### PROMPT
Please keep pictures out and return the lines below exactly, from the one holding "Swissme - Neu-Seeblick-Balkon-Parkplatz-Nahe" through the last, both included.

### DATA SHOWN
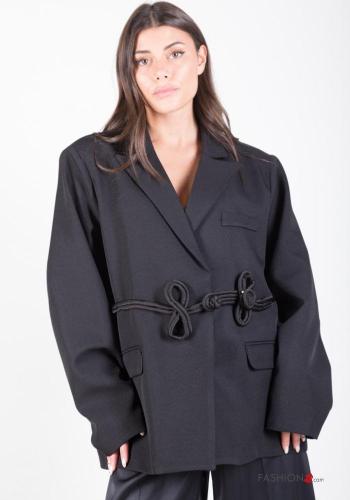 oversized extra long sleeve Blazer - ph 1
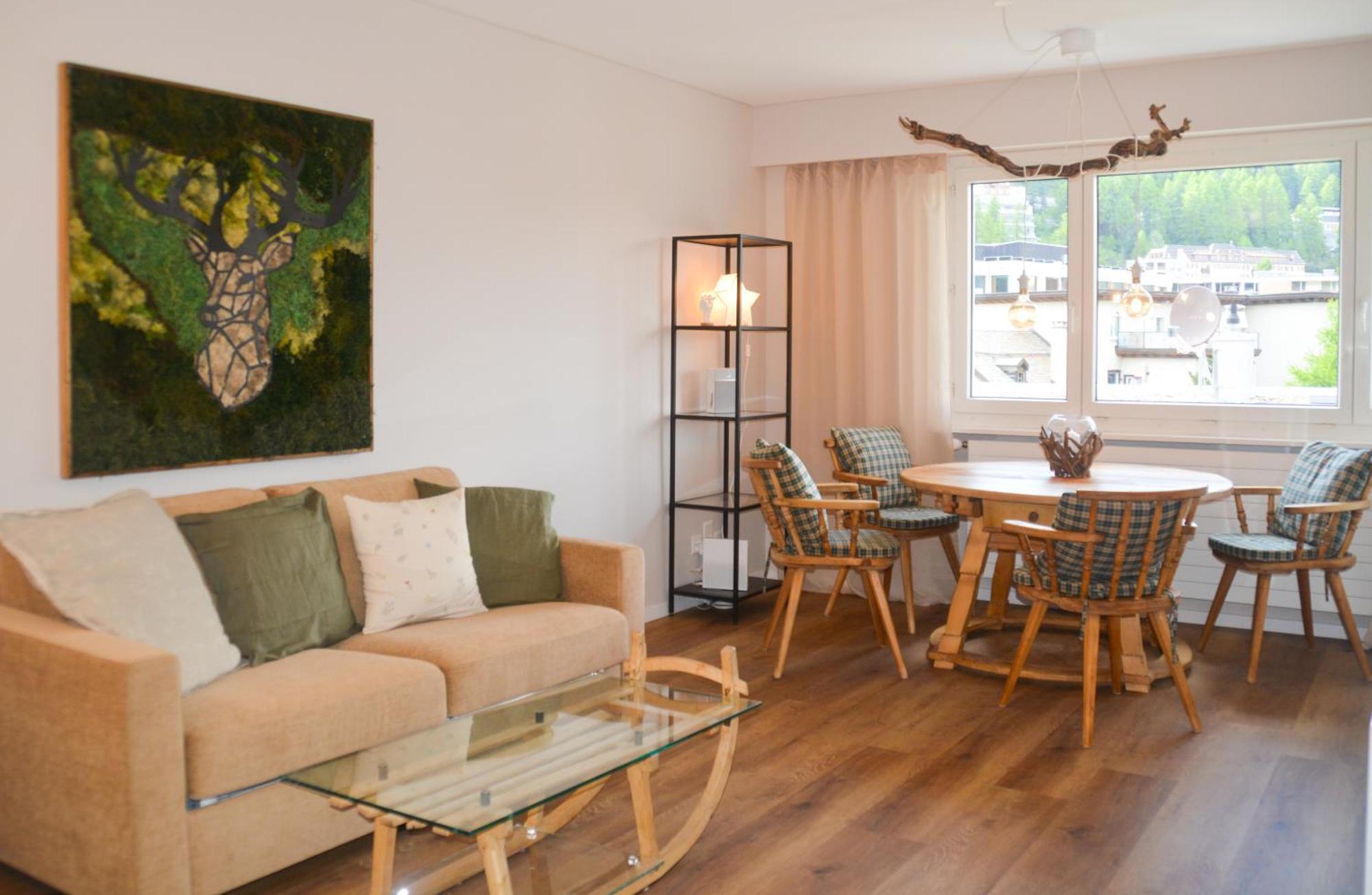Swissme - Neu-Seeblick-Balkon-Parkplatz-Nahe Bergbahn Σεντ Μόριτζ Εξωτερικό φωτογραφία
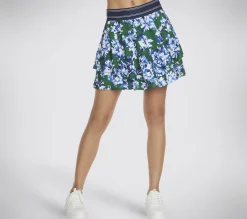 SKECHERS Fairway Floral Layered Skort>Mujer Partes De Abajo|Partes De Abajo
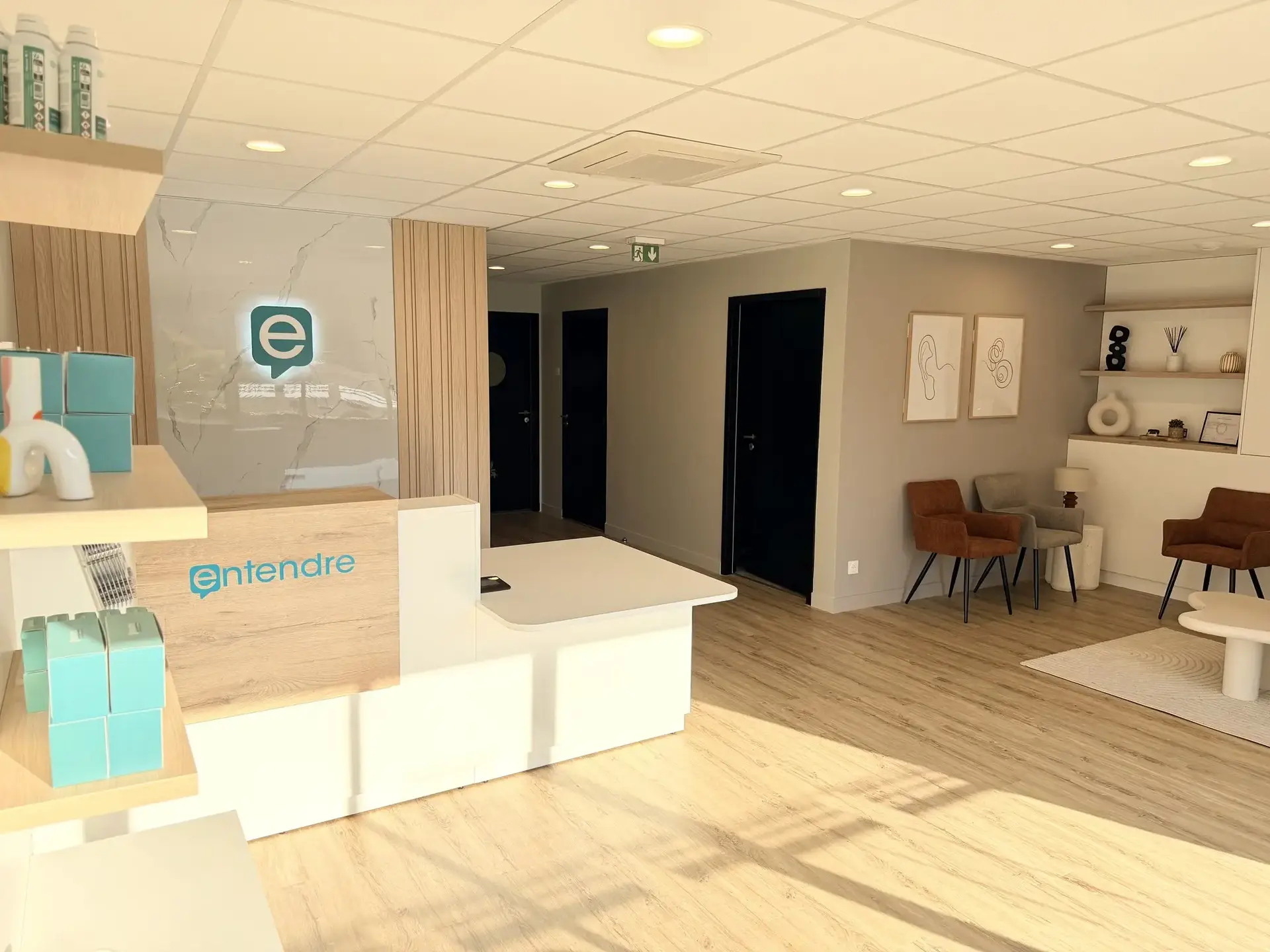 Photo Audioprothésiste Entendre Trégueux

### ANSWER TO THIS PROBLEM
Swissme - Neu-Seeblick-Balkon-Parkplatz-Nahe Bergbahn Σεντ Μόριτζ Εξωτερικό φωτογραφία
 SKECHERS Fairway Floral Layered Skort>Mujer Partes De Abajo|Partes De Abajo
 Photo Audioprothésiste Entendre Trégueux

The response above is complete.